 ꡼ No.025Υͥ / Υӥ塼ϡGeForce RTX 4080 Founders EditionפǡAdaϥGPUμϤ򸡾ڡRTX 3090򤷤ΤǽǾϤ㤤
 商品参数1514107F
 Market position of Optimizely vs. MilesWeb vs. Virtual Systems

---

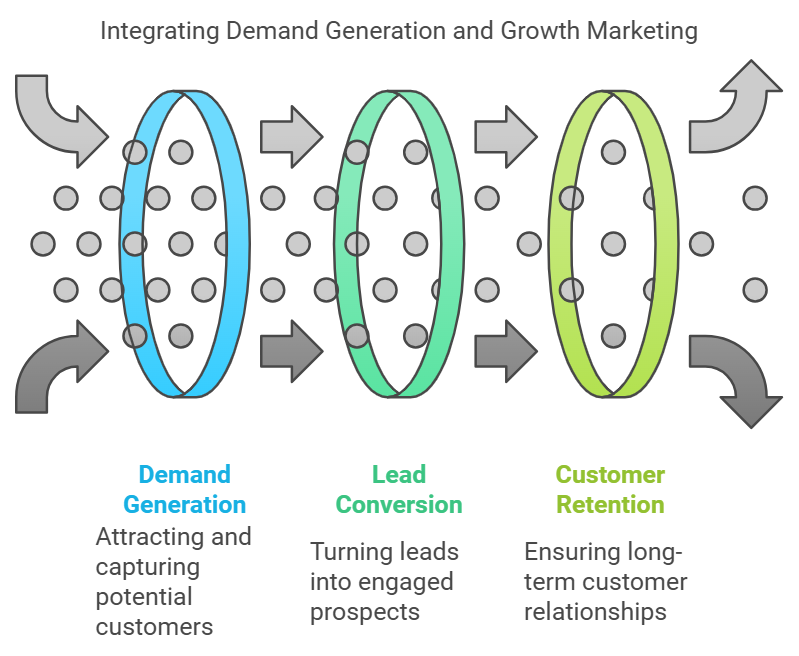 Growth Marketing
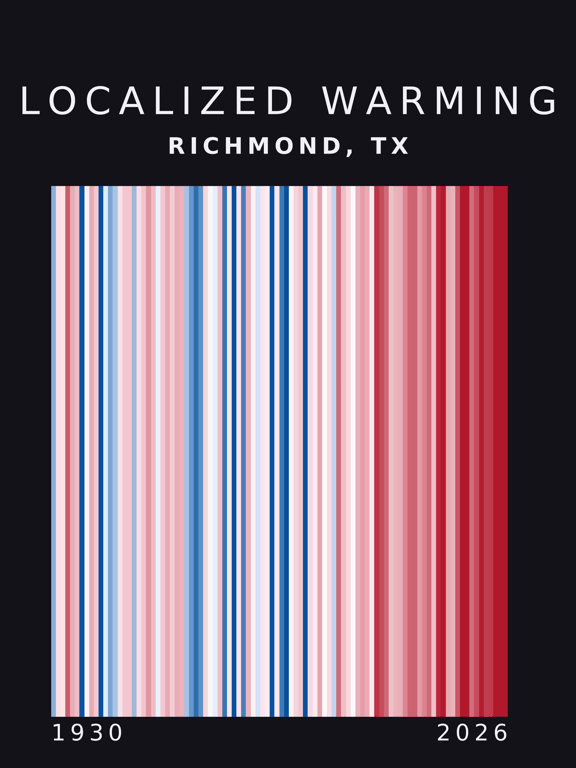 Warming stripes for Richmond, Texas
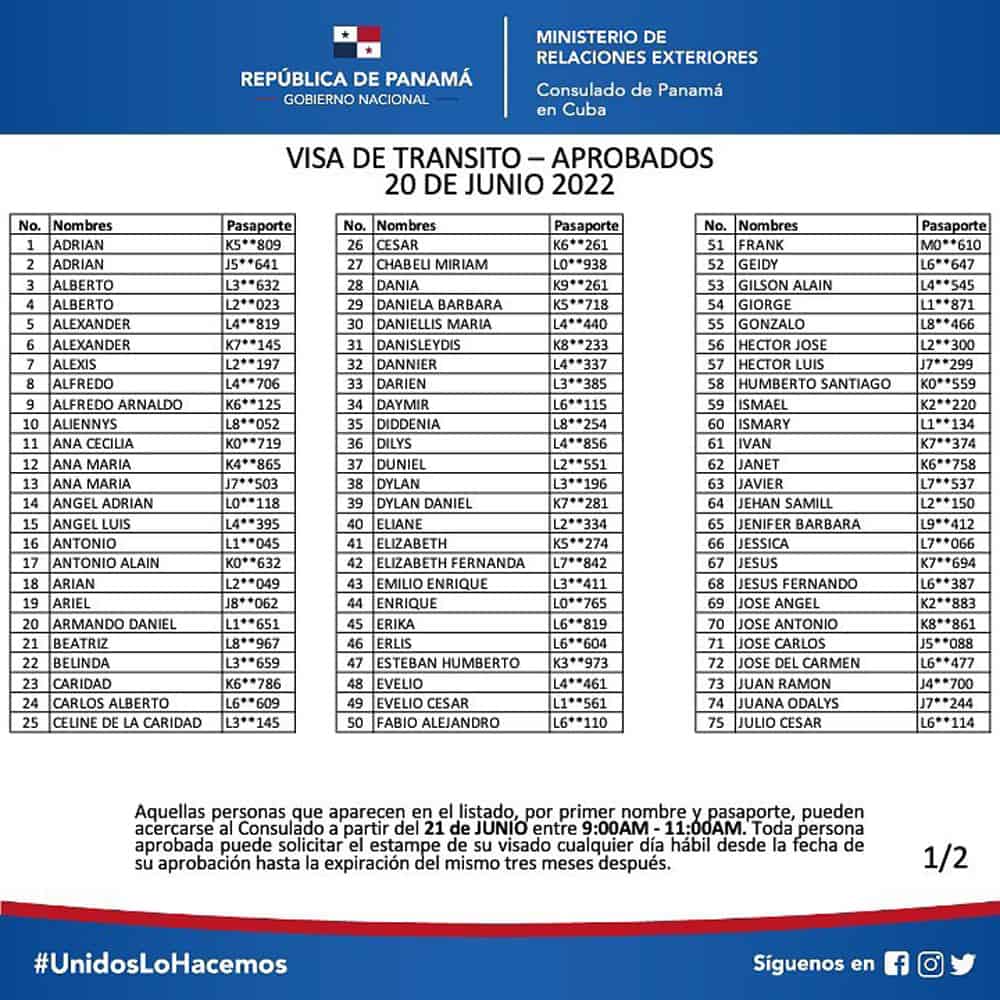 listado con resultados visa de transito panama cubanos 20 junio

...

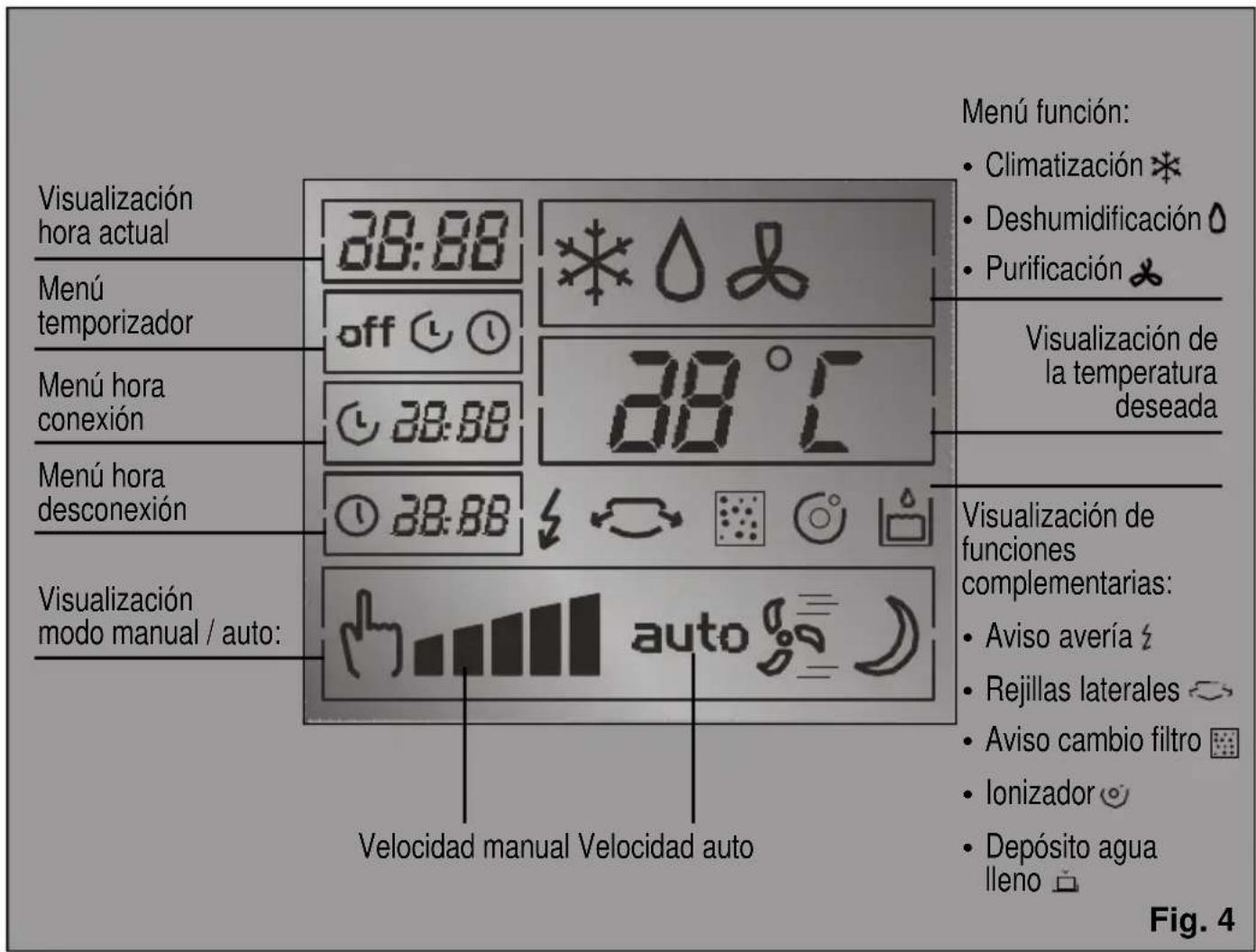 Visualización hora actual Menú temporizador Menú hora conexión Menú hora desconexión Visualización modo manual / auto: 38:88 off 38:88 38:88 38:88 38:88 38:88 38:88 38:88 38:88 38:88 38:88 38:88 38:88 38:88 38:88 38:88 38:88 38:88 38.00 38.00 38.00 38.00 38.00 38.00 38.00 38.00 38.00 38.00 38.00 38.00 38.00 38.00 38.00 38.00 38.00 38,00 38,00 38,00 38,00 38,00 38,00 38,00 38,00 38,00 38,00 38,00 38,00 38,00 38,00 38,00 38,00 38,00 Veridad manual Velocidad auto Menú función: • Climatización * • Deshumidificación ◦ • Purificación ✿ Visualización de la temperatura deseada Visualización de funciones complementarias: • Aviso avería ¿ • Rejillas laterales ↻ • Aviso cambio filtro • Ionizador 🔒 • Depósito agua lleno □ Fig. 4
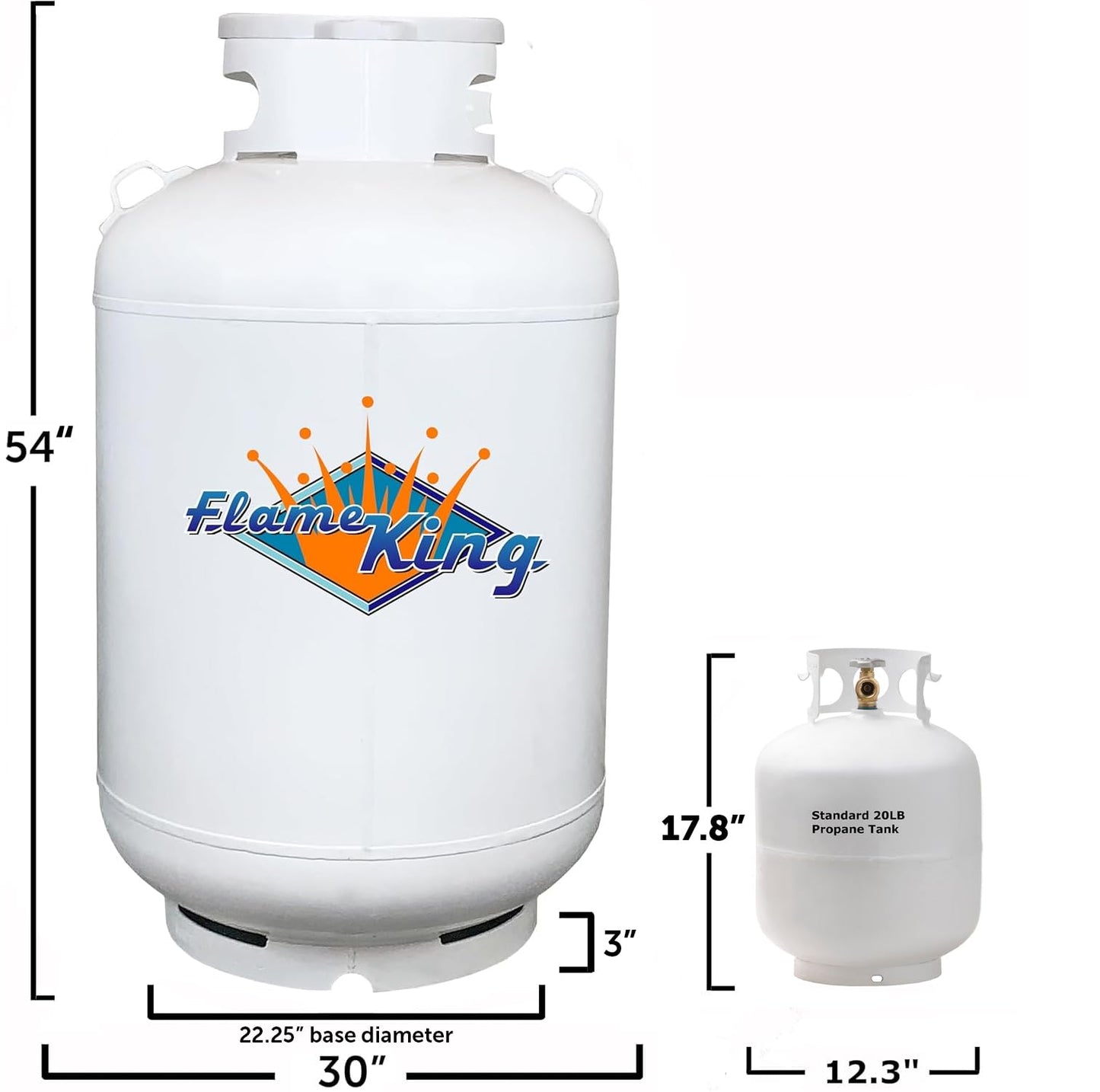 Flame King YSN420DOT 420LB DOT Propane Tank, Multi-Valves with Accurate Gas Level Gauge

_HOW TO COMPLETE THIS TASK_
What do the entries above read from the line containing "Growth Marketing" through the line containing "listado con resultados"? Output those lines exactly, both ends included, with the pictures left out.

_EXERCISE RESPONSE_
 Growth Marketing
 Warming stripes for Richmond, Texas
 listado con resultados visa de transito panama cubanos 20 junio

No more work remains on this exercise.